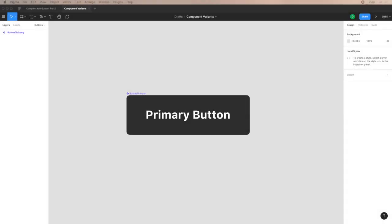In today's video I'll be going over how to make component variants based on my last video on auto layout buttons. If you haven't seen that video, I'll be sure to link it in the video description or in the top right information icon where you can go ahead and check it out before listening to this video.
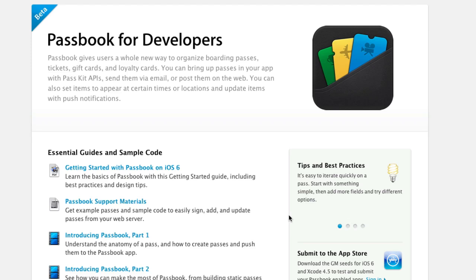Today we're going to create a pass and there are a few things you need before you can get started. The first thing is you're going to need a developer account. If you don't have one, go buy that developer account because you will need one if you want to use Passbook.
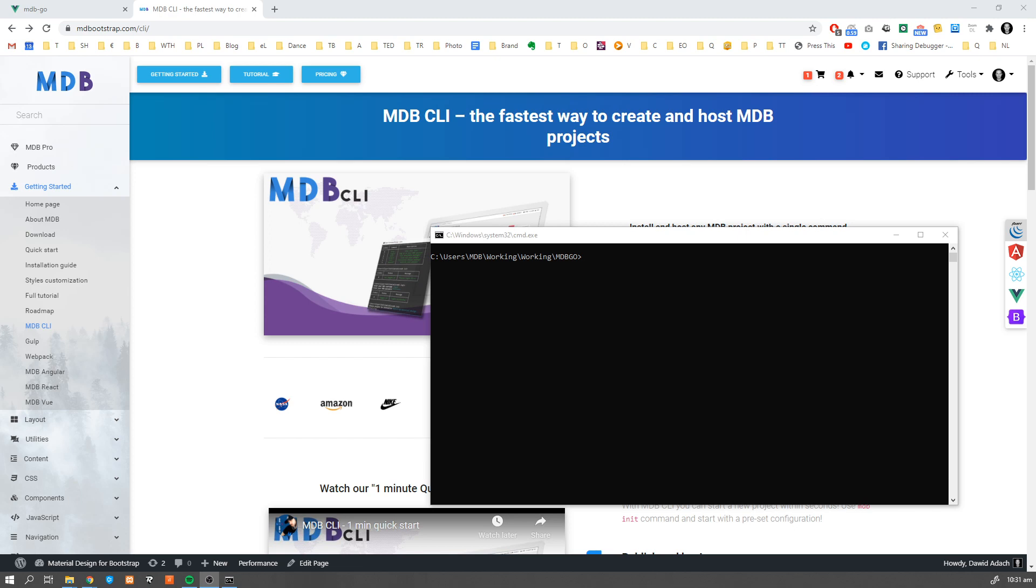Hey guys, it's David from mdbootstrap.com and in this video I'm going to show you how easily you can create, publish and share a project with your friends using MDB CLI.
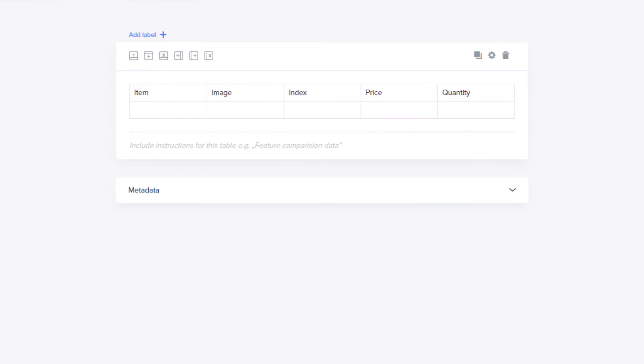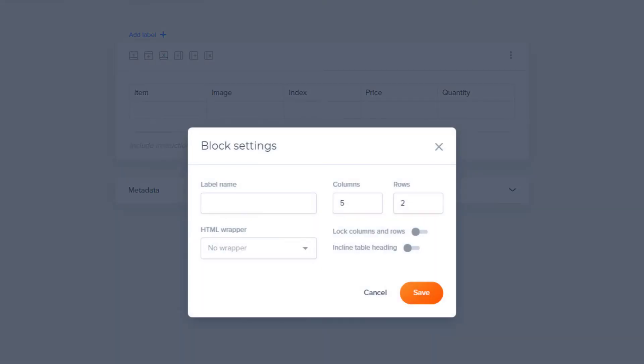You can also change the number of rows and columns in the Settings modal. Click the gear icon from the menu on the content block. In the Columns and Rows fields, enter the number of columns and rows you want.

-*-*-

◆ **Your task**:
Return the material above exactly; the images stay out.

◆ **Output of the exercise**:
In today's video I'll be going over how to make component variants based on my last video on auto layout buttons. If you haven't seen that video, I'll be sure to link it in the video description or in the top right information icon where you can go ahead and check it out before listening to this video.
Today we're going to create a pass and there are a few things you need before you can get started. The first thing is you're going to need a developer account. If you don't have one, go buy that developer account because you will need one if you want to use Passbook.
Hey guys, it's David from mdbootstrap.com and in this video I'm going to show you how easily you can create, publish and share a project with your friends using MDB CLI.
You can also change the number of rows and columns in the Settings modal. Click the gear icon from the menu on the content block. In the Columns and Rows fields, enter the number of columns and rows you want.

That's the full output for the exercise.